Cities around the world face a variety of natural disasters, including floods, hurricanes, earthquakes, heat waves, cyclones, and tornadoes.
In addition to the suffering inflicted by the storms themselves, the built environment’s design and construction shortcomings also cause avoidable problems. Fortunately, improved building designs can improve the performance, functionality, and resilience of buildings when disasters hit.
In an urban context, improving the resilience of buildings requires a holistic approach along with various infrastructure improvements. In other words, improving each building is necessary, but won’t sufficiently address the issues that people and cities will face as sea levels rise, for example, if hurricanes grow stronger and more frequent and cities become more dense and urbanized.
In October of 2012, Hurricane Sandy plowed across the Caribbean and up the eastern US coast, devastating the New York City metropolitan area. The largest Atlantic hurricane on record, Hurricane Sandy caused $68 billion in damage and left at least 268 people dead in seven countries.
Following the storm, New York City assembled the Building Resiliency Task Force, a varied team of experts and stakeholders, to determine steps that would lead to resilient buildings and a resilient city – one that was better able to handle disaster conditions during and after each event.

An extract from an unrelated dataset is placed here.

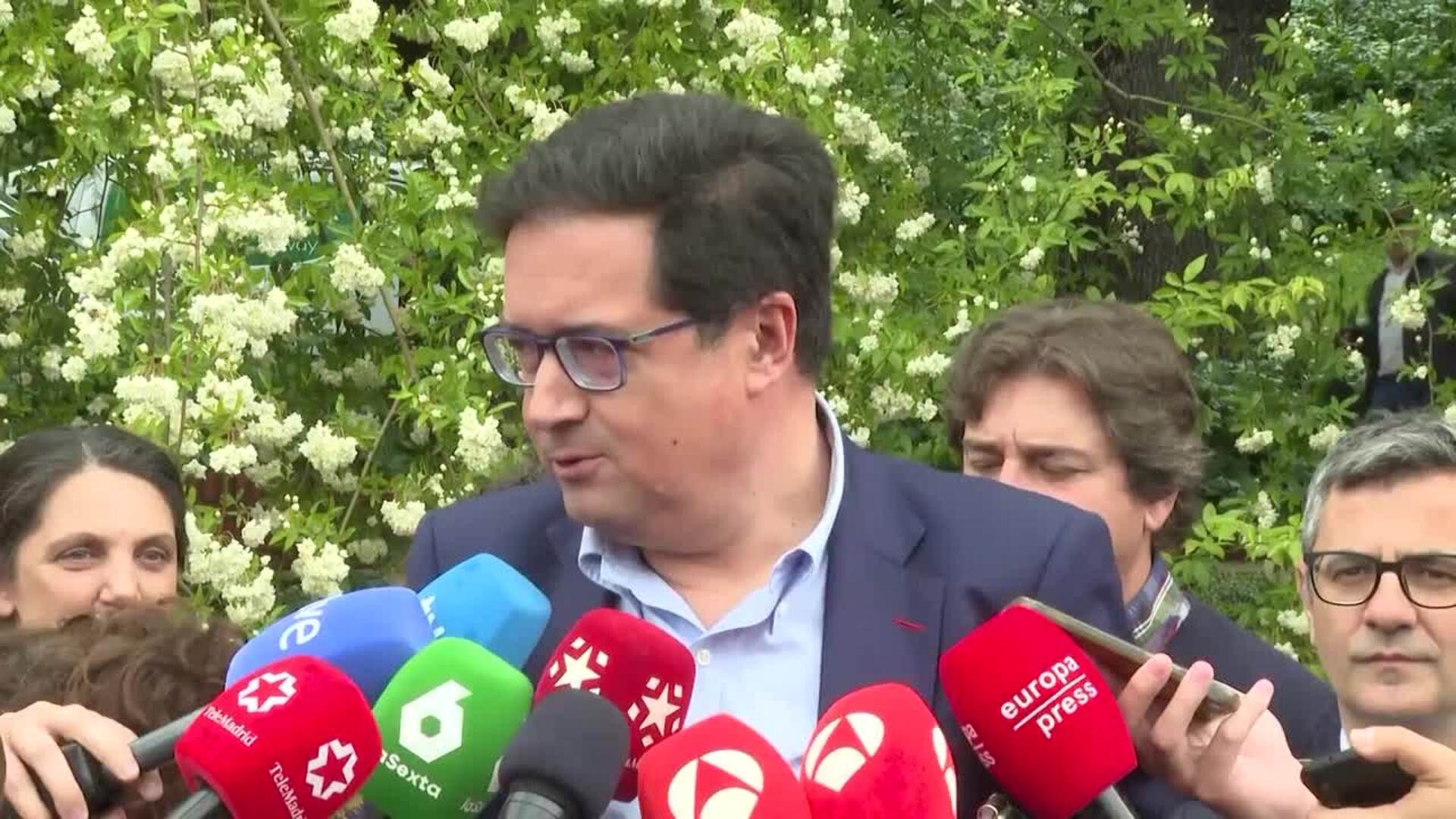 Óscar López critica el "sectarismo" de Ayuso en el Dos de Mayo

Task Force members included architects, engineers, contractors, utility representatives, real estate owners, property managers, subject matter specialists, city officials, code consultants, cost estimators, and attorneys. Their report “represents the consensus of more than 200 Task Force members on how to strike the right balance between resiliency, cost, and other issues.”

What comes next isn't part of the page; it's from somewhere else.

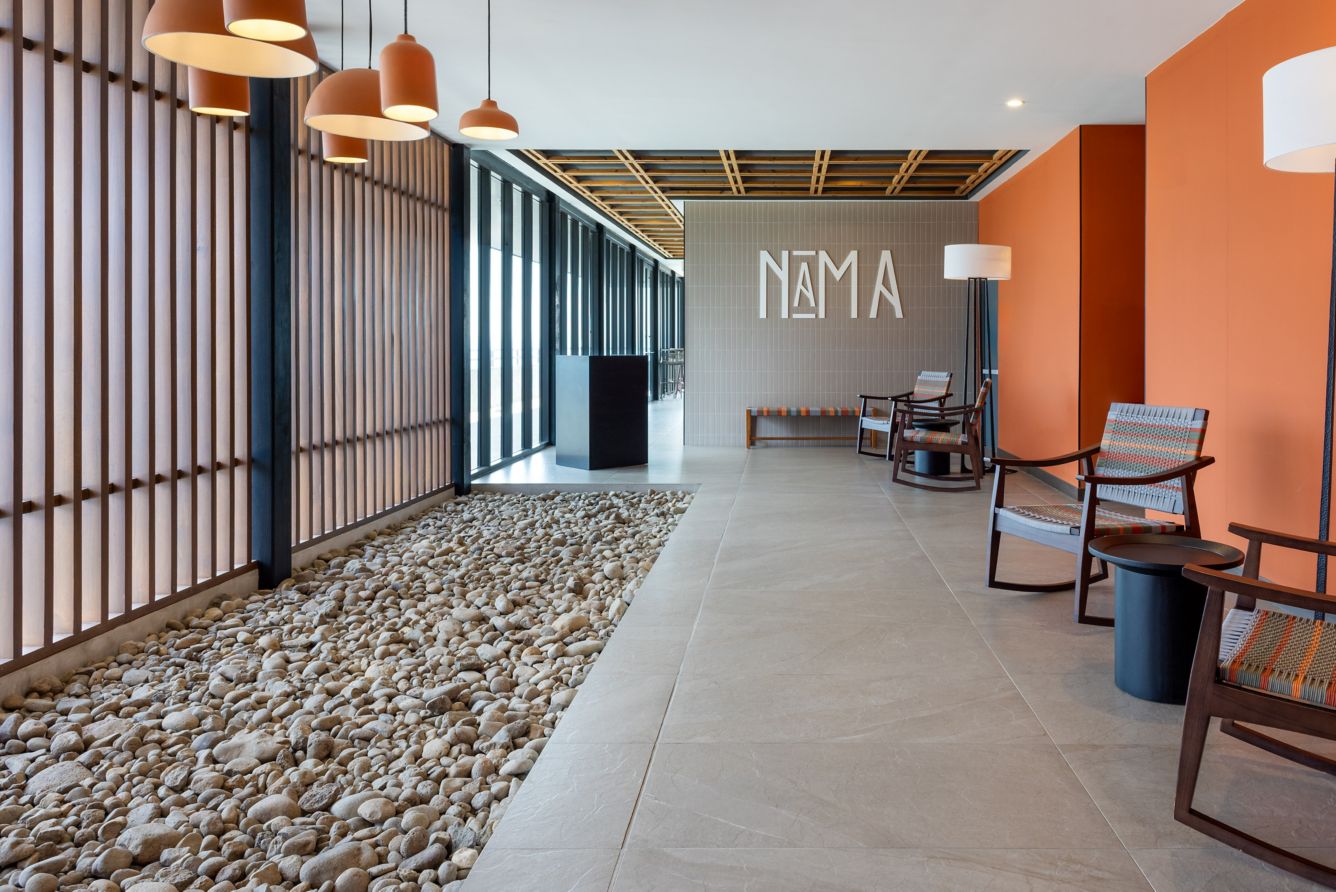 The lobby and rooftop lounge at Residence Inn by Marriott San Jos&eacute; El Coyol.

The report outlines 33 steps that address stronger buildings, backup power, essential safety, and better planning. Each step is classified as:
● Required: existing building must comply by a specified date.
● New code: New buildings and renovation projects must comply.

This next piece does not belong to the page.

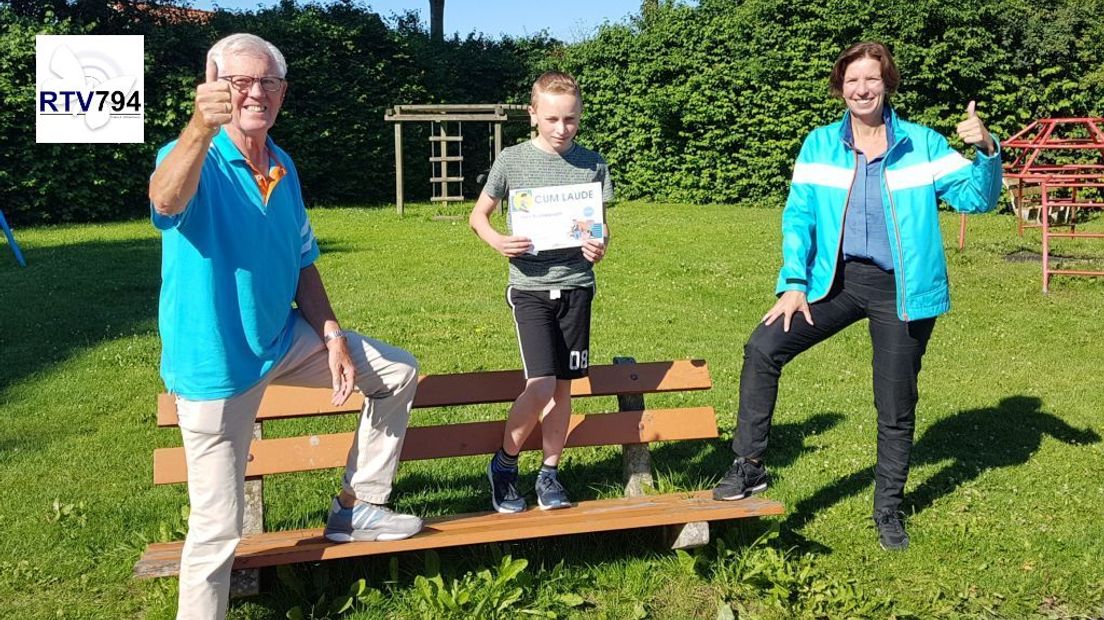 Niek Nooteboom geflankeerd door Arend Strikwerda en Astrid van der Windt.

● Remove barrier: Streamline rules and remove obstacles to allow changes.
● Recommended: Beneficial projects but not required.
● Further action: More work or study is needed, but could be beneficial.
The Task Force recommended few required changes to existing commercial and multi-family buildings, preferring code updates that apply to new construction and renovation. In the interest of affordability, buildings housing one to three families have no required changes, but will have to comply with eight updates when renovating or being rebuilt.
As New York City and its residents were still dealing with the aftermath of Hurricane Sandy at the time the report was commissioned, many steps focus on flooding and water issues. That’s understandable, and highlights the importance of locally sensitive design.
Within the context of stronger buildings, the following recommendations deal with design:
Prevent Storm Damage to Homes: Wind and water can damage homes, so windows and doors must be wind resistant, house framing should be securely anchored to the foundations, and foundations and basements must be strengthened as necessary.
Launch A Design Competition for Raised Homes: New buildings and renovations of existing buildings will be required to build above the flood line. That will change the appearance and character of neighbourhoods, so the task force suggested a design competition to create a model for attractive streetscapes of attached and detached raised homes that remain accessible to people with disabilities.
Relocate and Protect Building Systems: HVAC systems and water heaters, for example, should be relocated to spaces above the flood line, which will require re-design in many existing homes. Commercial and multi-family buildings have already used this approach more extensively than single-family homes, but many will need to move equipment from basements to upper floors.
Remove Barriers to Elevating Buildings & Building Systems: In many cases, existing codes and zoning prohibit changes that would increase the overall height of buildings. Those restrictions should be loosened to permit raising buildings and relocating equipment.
Remove Barriers to Sidewalk Flood Protection: Sidewalk-mounted flood barriers should be allowed on a temporary basis.
Capture Stormwater to Prevent Flooding: Some basic design changes can help cities to manage water more effectively. Designing sloped sidewalks to funnel rain water into tree pits and other permeable areas can keep water from overloading storm sewers.
Use Cool Surfaces to Reduce Summer Heat: Dark roofs, pavement, and even sports fields can be replaced with light-colored materials to reflect light and heat back into the atmosphere. During urban heat emergencies, rooms on upper floors of buildings with dark roofs can become dangerously hot.
Other measures ensure that buildings can maintain basic functionality during emergencies so residents can stay in their homes, and some buildings can remain usable.
Supply Drinking Water Without Power: This is one of the few required changes. Some buildings use electric pumps that not only fail during emergency situations, they prevent access to water that is present in the building. Providing water to a common area is acceptable. Maintaining existing water towers and adding water towers to new builds is another solution.
Ensure Toilets and Sinks Work Without Power: Toilets and faucets should be able to operate without grid power, enabling continued use of the building.
Ensure Operable Windows in Residential Buildings: Without electricity, most HVAC equipment is useless, so operable windows are crucial for cooling and ventilation. In hot weather, many buildings with fixed windows are uninhabitable without a functioning cooling system.
Maintain Habitable Temperatures Without Power: Operable windows ensure ventilation, while insulation helps to lessen rapid temperature swings, keeping buildings comfortable without grid power.
Resilient design offers the potential to mitigate the effects of natural disasters, helps people endure disasters when they occur, and also offers better functionality day-to-day.